▶ [WHAT YOU SHOULD DO] Leave the pictures behind and reproduce every line of the listing exactly.

▶ [DATASET CONTENT]
════════════════════
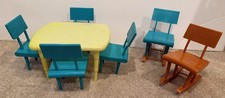 MCM Plastic Doll Furniture: 4 Chairs, Table, 2 Rockers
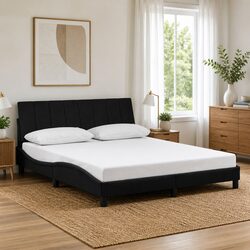 Queen Bed Frame with Black Velvet Upholstered Headboard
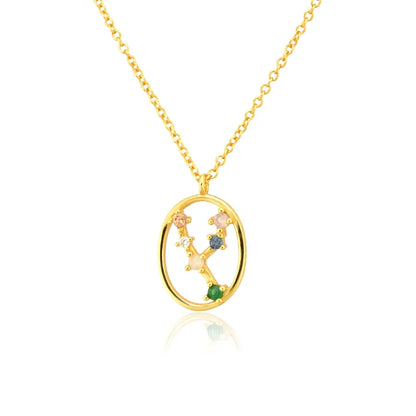 Constellations of Zodiac Zirconium Colorful Necklace | Vallria
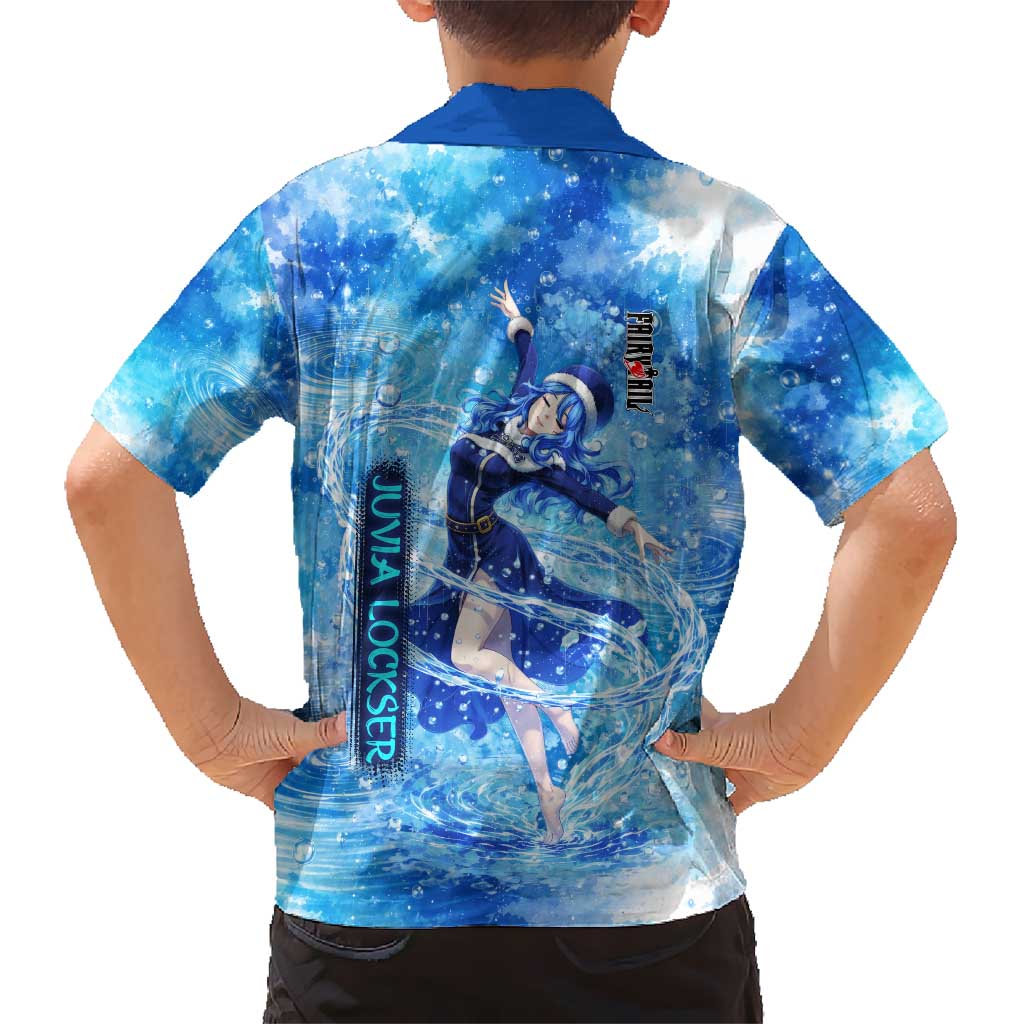 Juvia Lockser Fairy Tail Hawaiian Shirt Water Magic Anime Style with Heart and Raindrop Aesthetic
════════════════════
▶ [ANSWER]
 MCM Plastic Doll Furniture: 4 Chairs, Table, 2 Rockers
 Queen Bed Frame with Black Velvet Upholstered Headboard
 Constellations of Zodiac Zirconium Colorful Necklace | Vallria
 Juvia Lockser Fairy Tail Hawaiian Shirt Water Magic Anime Style with Heart and Raindrop Aesthetic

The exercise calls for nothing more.